Offset	Type	Description
-76	Pointer	pointer to virtual method table (or nil)
-72	Pointer	pointer to interface table (or nil)
-68	Pointer	pointer to Automation information table (or nil)
-64	Pointer	pointer to instance initialization table (or nil)
-60	Pointer	pointer to type information table (or nil)
-56	Pointer	pointer to field definition table (or nil)
-52	Pointer	pointer to method definition table (or nil)
-48	Pointer	pointer to dynamic method table (or nil)
-44	Pointer	pointer to short string containing class name
-40	Cardinal	instance size in bytes
-36	Pointer	pointer to a pointer to ancestor class (or nil)
-32	Pointer	pointer to entry point of SafecallException method (or nil)
-28	Pointer	entry point of AfterConstruction method
-24	Pointer	entry point of BeforeDestruction method
-20	Pointer	entry point of Dispatch method
-16	Pointer	entry point of DefaultHandler method
-12	Pointer	entry point of NewInstance method
-8	Pointer	entry point of FreeInstance method
-4	Pointer	entry point of Destroy destructor
0	Pointer	entry point of first user-defined virtual method
4	Pointer	entry point of second user-defined virtual method

Class Reference Types

On the Win32 platform, a class-reference value is stored as a 32-bit pointer to the virtual method table (VMT) of a class.

Variant Types

The following discussion of the internal layout of variant types applies to the Win32 platform only.
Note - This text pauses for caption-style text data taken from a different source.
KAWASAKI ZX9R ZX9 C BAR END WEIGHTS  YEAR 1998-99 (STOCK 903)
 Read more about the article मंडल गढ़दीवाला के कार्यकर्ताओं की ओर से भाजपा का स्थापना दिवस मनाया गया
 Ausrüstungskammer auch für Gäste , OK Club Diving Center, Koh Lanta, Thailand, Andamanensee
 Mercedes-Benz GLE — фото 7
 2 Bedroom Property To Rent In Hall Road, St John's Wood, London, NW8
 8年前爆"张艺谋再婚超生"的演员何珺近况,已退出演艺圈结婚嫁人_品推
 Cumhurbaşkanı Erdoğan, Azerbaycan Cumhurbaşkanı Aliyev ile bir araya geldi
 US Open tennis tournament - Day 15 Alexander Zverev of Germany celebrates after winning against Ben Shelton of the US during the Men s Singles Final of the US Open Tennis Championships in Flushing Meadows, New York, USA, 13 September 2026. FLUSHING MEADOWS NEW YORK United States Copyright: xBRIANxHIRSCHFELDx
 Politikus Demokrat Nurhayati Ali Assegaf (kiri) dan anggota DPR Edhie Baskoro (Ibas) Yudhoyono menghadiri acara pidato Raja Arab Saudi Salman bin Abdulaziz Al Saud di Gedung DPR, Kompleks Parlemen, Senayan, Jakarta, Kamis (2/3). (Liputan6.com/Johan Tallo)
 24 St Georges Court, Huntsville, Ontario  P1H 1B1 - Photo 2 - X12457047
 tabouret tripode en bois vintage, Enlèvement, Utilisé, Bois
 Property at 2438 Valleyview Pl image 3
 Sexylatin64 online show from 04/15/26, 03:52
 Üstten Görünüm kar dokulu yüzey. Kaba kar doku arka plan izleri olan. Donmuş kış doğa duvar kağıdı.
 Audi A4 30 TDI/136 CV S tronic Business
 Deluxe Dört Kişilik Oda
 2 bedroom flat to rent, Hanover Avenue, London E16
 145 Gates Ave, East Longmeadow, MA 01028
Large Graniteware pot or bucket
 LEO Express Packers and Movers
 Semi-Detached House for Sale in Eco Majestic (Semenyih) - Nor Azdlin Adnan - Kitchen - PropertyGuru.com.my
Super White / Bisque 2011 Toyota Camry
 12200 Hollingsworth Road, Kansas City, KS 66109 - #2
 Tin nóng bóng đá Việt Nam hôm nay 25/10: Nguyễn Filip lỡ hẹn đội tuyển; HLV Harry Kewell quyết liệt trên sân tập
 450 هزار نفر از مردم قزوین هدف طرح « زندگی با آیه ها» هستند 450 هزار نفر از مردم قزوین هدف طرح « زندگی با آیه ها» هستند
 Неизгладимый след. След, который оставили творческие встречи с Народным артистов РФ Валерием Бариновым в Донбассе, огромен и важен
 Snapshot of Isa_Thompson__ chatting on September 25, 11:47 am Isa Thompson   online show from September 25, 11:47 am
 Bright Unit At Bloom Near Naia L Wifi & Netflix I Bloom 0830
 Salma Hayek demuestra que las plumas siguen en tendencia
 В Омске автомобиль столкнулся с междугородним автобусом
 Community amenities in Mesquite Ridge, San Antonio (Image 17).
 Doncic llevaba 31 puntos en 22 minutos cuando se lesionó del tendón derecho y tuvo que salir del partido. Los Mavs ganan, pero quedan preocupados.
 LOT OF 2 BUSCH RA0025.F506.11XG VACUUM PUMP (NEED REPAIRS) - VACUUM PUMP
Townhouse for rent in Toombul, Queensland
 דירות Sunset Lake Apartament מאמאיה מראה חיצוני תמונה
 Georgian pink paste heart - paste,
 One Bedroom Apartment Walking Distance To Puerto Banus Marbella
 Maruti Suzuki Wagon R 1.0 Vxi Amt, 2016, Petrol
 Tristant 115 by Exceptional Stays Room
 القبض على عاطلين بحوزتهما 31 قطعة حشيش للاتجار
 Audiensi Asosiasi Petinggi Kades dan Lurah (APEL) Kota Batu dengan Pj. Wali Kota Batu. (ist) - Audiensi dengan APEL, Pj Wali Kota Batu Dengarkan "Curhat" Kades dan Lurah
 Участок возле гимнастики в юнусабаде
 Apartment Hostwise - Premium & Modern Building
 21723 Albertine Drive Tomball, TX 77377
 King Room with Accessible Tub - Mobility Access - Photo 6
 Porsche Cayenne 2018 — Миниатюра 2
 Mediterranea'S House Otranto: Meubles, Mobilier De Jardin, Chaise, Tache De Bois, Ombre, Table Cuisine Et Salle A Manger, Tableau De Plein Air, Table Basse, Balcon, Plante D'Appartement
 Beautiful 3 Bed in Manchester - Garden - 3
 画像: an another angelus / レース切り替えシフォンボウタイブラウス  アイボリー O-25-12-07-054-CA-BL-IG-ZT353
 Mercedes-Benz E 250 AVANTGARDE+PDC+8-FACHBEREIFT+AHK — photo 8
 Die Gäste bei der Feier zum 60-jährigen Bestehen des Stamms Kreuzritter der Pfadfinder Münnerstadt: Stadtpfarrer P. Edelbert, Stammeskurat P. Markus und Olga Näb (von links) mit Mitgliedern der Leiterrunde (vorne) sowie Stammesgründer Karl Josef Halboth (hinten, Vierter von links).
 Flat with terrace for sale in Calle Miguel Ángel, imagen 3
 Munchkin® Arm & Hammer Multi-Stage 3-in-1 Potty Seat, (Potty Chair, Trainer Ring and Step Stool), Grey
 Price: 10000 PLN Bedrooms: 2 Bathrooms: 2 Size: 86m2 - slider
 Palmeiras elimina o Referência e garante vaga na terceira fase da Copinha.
Variants rely on boxing and unboxing of data into an object wrapper, as well as Delphi helper classes to implement the variant-related RTL functions.

On the Win32 platform, a variant is stored as a 16-byte record that contains a type code and a value (or a reference to a value) of the type given by the code. The System and Variants units define constants and types for variants.

The TVarData type represents the internal structure of a Variant variable (on Windows, this is identical to the Variant type used by COM and the Win32 API). The TVarData type can be used in typecasts of Variant variables to access the internal structure of a variable. The TVarData record contains the following fields:

VType contains the type code of the variant in the lower twelve bits (the bits defined by the varTypeMask constant). In addition, the varArray bit may be set to indicate that the variant is an array, and the varByRef bit may be set to indicate that the variant contains a reference as opposed to a value.
The Reserved1, Reserved2, and Reserved3 fields are unused.

The contents of the remaining eight bytes of a TVarData record depend on the VType field as follows:

If neither the varArray nor the varByRef bits are set, the variant contains a value of the given type.
If the varArray bit is set, the variant contains a pointer to a TVarArray structure that defines an array. The type of each array element is given by the varTypeMask bits in the VType field.
If the varByRef bit is set, the variant contains a reference to a value of the type given by the varTypeMask and varArray bits in the VType field.

The varString type code is private. Variants containing a varString value should never be passed to a non-Delphi function. On Win32, Delphi's Automation support automatically converts varString variants to varOleStr variants before passing them as parameters to external functions.